It's a retail Christmas miracle. On Wednesday, the day after X-mas, shares of Best Buy (BBY -3.04%) closed 6.9% higher. Clothiers Urban Outfitters (URBN -3.98%) and American Eagle Outfitters (AEO -0.37%) took wing as well, closing up 7.3% and 10.7% respectively.
This wasn't entirely a surprise.
Two days ago, on Christmas Eve, analysts at Wedbush took at look at the sales trends and predicted that at American Eagle, for example, "core American Eagle and Aerie brands show record sales volumes on comparably less promotional activity with broad-based strength across the board." The National Retail Federation seconded the emotion, predicting U.S. holiday retail sales would rise between 4.3% and 4.8%.
Turns out that was conservative. Mastercard's in-house market researcher, SpendingPulse, now confirms that total sales in the U.S. in the period running from Nov. 1 through Dec. 24 rose 5.1% in comparison to last year, "the strongest in six years."

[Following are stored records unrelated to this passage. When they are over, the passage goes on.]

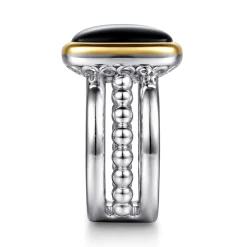 Outlet Gabriel & Co. 14K Yellow Gold and 925 Sterling Silver Bujukan Elongated Cushion Onyx Cocktail Ring
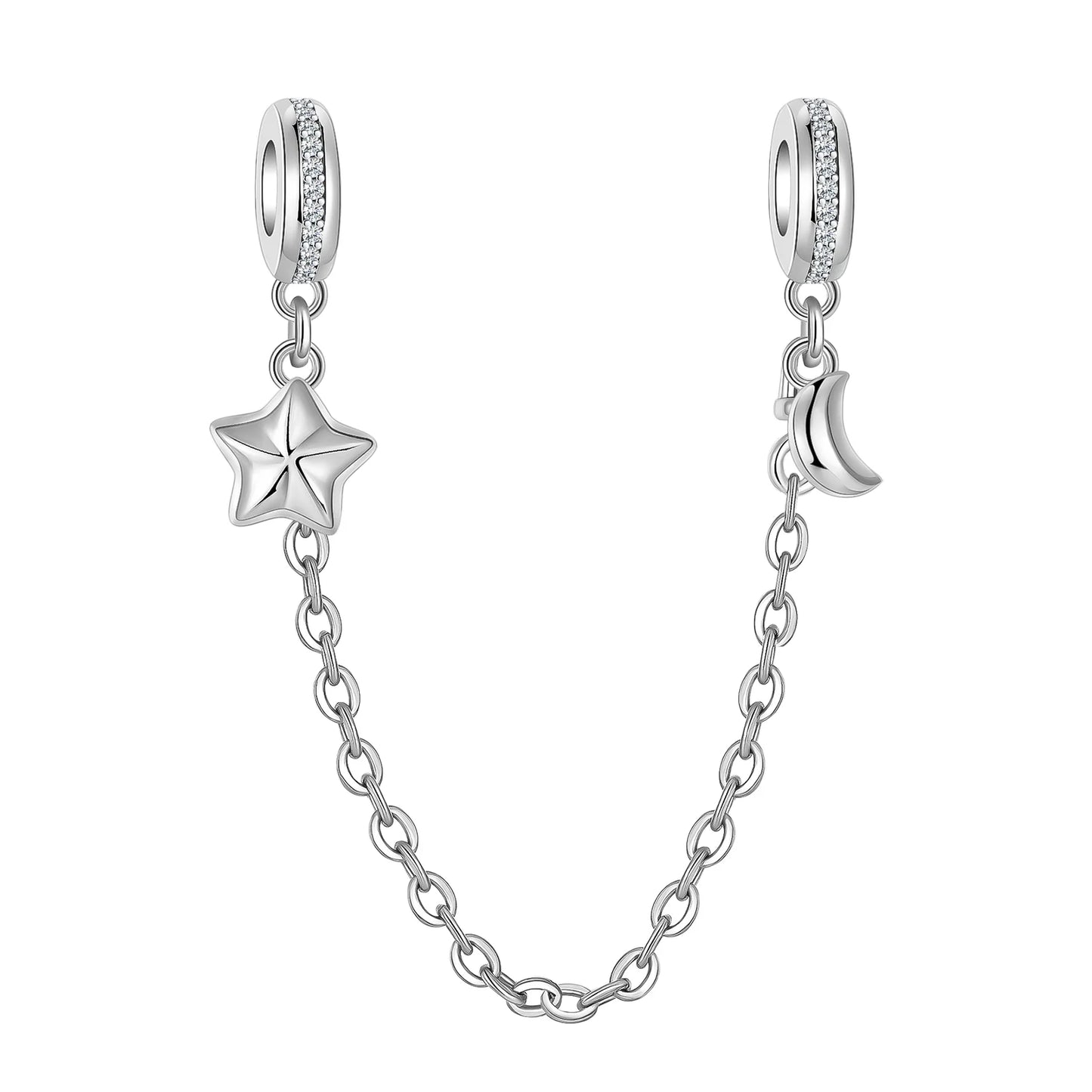 925 Sterling Silver Clover Daisy Star Moon Pavé Safety Chain Bow Necklace and Bracelet Set Luxury Fine Jewelry for Women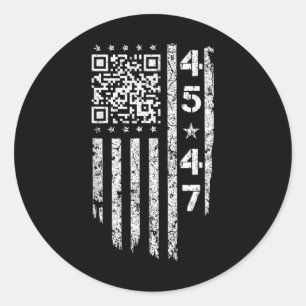 Funny Qr He's Ck President Trump Code Classic Round Sticker
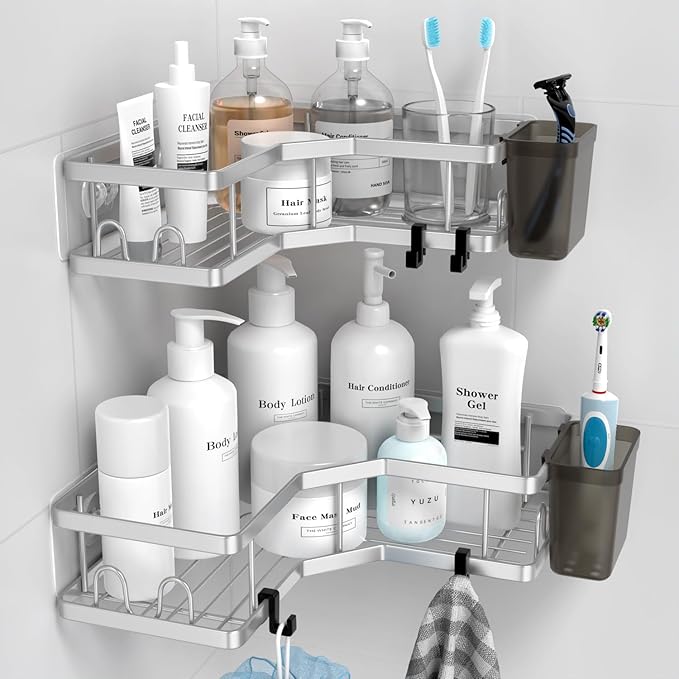 Corner Shower Caddy Shelf Rack: 2 Pack Adhesive Shower Organizer Essentials - No Drilling Stainless Steel Shower Storage Rack with Hooks and Toothpaste Holder - Bathroom Accessories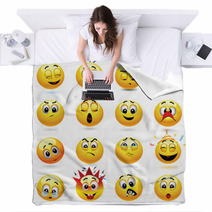Vector Set Of Smiley Icons Blankets 67832096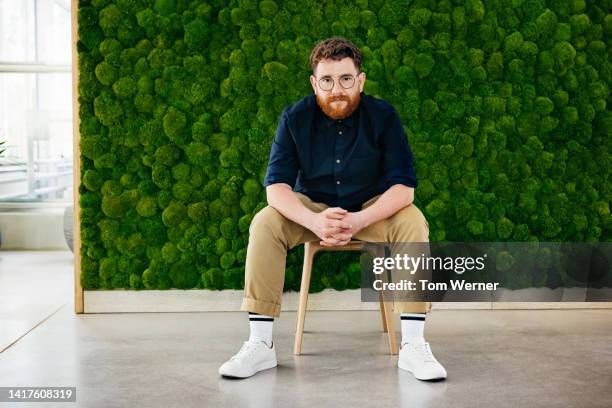portrait of office manager with beard sitting in front of large mossy backdrop - beige hose stock-fotos und bilder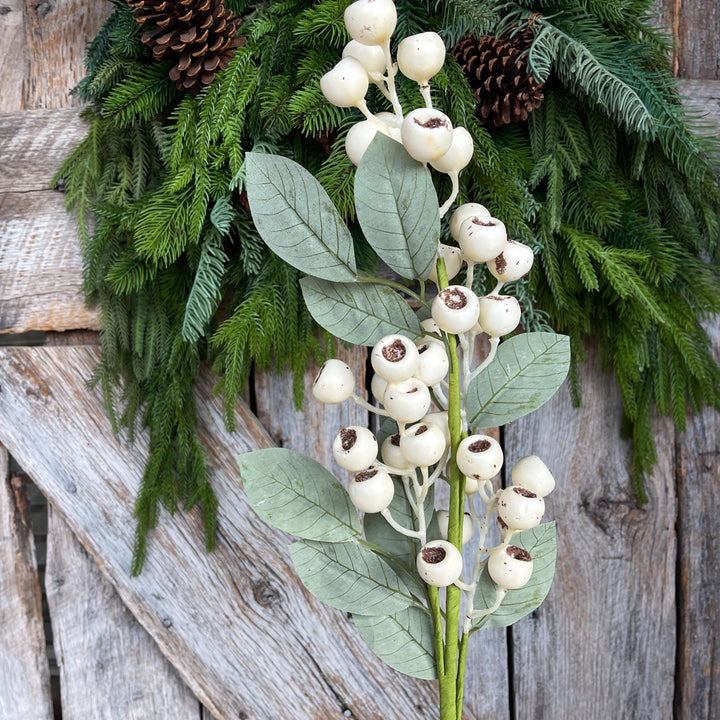 30" Cream Berry Spray, Fall Berry Spray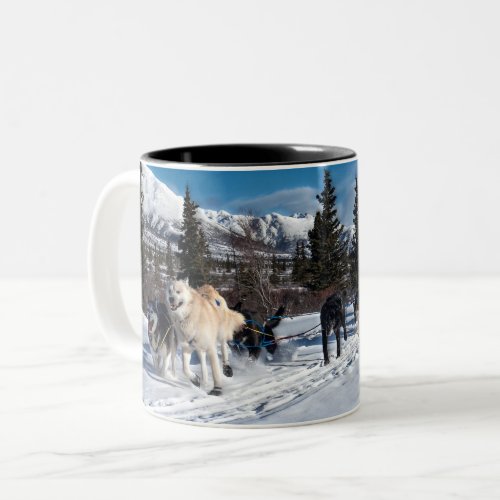 Alaska Husky Dog Sled Race Two_Tone Coffee Mug
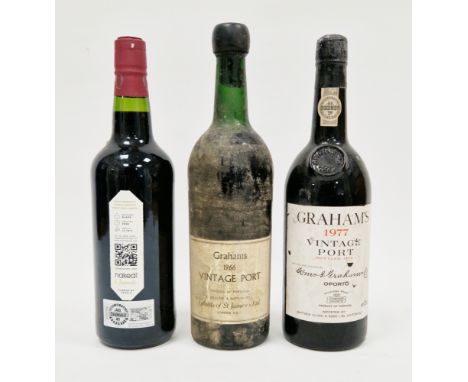 Bottle of Graham's 1977 vintage port, one of 1966 (Grants of St James) (low neck) and a bottle of ruby port for Naked Wines&n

Clothing sales did especially well, with SpendingPulse estimating that category of purchases grew 7.9% year over year. That's great news for American Eagle and Urban Outfitters alike. As for Best Buy, which doesn't sell clothes, the hope is going to be that the electronic retailer benefited both from strong foot traffic, and also a big boost to online shopping. SpendingPulse noted that online sales were up 19.1% year over year, or nearly three times as strong as overall sales growth.
SpendingPulse says it's "cautiously optimistic for the consumer going into 2019," but as for stock valuations, they still look pretty pessimistic -- as if investors aren't yet 100% convinced that today's good news is real.
Even after today's run-up, shares of Best Buy can be purchased for a lowly 9.4-times-forward earnings multiple. Shares of Urban Outfitters and American Eagle Outfitters are only a little more expensive, and sell for 11.6 and 12 times forward earnings, respectively.
At prices this low, it shouldn't take much earnings growth at all to give investors a very Happy New Year in 2019.